_PROBLEM DETAILS_
Output the lines below exactly, please, from the first line until the line with "Apartamento para alugar com 90m², 3 quartos e 1 vaga Apartamento", counting both.

Content starts

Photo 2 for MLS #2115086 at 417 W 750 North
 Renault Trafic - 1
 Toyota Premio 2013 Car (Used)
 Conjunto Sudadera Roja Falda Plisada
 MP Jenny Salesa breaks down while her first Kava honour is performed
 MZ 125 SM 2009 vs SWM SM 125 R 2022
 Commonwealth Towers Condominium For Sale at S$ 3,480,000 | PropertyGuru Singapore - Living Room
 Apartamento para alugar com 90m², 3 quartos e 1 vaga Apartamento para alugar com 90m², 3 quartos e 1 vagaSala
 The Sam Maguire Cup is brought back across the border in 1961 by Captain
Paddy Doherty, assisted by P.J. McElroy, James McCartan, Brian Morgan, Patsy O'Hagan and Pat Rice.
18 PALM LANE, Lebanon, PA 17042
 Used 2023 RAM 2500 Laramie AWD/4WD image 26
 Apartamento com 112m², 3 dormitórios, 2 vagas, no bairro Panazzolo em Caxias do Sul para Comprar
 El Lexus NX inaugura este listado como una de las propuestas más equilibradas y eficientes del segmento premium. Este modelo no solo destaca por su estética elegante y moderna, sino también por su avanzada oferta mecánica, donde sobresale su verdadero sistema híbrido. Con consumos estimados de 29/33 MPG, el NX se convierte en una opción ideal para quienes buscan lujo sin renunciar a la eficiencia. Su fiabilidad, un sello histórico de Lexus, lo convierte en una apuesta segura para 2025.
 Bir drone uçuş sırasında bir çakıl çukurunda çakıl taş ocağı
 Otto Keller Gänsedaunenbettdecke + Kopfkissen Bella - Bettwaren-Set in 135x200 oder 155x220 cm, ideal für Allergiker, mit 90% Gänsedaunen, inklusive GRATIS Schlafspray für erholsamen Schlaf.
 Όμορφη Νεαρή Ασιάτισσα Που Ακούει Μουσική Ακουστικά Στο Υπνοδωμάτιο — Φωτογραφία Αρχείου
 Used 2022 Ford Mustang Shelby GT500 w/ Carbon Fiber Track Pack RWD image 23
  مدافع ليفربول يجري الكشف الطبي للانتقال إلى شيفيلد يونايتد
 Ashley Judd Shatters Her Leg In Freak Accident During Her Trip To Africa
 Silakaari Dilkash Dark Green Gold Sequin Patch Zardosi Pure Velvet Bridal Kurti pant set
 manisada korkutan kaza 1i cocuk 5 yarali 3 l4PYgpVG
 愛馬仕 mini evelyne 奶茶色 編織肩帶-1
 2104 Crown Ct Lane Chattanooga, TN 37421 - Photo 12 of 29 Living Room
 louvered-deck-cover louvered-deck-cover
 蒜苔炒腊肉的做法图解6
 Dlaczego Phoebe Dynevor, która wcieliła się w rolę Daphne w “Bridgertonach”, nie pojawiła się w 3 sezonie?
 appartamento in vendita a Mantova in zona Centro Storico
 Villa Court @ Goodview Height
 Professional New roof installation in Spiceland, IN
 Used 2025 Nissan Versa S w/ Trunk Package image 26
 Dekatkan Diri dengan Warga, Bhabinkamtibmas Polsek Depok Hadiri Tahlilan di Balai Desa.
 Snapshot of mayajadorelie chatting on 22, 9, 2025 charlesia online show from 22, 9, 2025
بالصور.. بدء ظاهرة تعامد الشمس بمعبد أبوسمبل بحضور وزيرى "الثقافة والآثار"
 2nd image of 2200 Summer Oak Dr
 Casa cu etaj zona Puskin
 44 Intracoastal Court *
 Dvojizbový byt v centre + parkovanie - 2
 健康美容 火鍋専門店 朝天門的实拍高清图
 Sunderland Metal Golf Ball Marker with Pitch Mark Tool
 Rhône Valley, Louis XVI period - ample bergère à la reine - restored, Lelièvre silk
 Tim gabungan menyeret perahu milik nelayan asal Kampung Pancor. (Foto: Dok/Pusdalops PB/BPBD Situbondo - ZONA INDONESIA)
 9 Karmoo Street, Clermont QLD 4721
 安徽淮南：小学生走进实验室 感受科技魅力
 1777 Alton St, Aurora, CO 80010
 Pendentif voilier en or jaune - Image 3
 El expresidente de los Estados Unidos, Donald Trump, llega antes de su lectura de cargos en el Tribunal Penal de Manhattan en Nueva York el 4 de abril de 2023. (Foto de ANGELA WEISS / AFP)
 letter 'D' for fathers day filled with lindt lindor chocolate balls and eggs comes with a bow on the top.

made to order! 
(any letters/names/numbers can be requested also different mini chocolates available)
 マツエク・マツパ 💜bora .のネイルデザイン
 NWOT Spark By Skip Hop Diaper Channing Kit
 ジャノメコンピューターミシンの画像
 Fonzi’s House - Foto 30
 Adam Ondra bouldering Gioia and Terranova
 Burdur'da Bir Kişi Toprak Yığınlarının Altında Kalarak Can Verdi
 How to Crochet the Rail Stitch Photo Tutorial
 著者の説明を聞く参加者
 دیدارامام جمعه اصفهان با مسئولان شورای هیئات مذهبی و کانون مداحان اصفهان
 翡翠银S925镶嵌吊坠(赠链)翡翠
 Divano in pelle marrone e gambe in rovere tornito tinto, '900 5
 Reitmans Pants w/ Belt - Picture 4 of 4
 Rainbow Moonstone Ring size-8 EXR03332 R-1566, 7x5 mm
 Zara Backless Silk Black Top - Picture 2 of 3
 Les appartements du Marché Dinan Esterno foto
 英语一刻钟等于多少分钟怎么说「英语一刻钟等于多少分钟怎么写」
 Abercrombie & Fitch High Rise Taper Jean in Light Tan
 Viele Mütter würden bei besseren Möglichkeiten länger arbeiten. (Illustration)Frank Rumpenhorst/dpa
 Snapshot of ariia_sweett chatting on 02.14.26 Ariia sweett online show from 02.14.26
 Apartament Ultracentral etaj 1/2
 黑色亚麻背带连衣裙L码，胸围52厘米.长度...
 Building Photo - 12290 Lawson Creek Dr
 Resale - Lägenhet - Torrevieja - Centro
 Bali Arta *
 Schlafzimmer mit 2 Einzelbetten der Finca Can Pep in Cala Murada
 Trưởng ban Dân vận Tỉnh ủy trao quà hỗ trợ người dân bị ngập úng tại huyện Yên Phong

Content ends

_COMPLETED EXERCISE_
Photo 2 for MLS #2115086 at 417 W 750 North
 Renault Trafic - 1
 Toyota Premio 2013 Car (Used)
 Conjunto Sudadera Roja Falda Plisada
 MP Jenny Salesa breaks down while her first Kava honour is performed
 MZ 125 SM 2009 vs SWM SM 125 R 2022
 Commonwealth Towers Condominium For Sale at S$ 3,480,000 | PropertyGuru Singapore - Living Room
 Apartamento para alugar com 90m², 3 quartos e 1 vaga Apartamento para alugar com 90m², 3 quartos e 1 vagaSala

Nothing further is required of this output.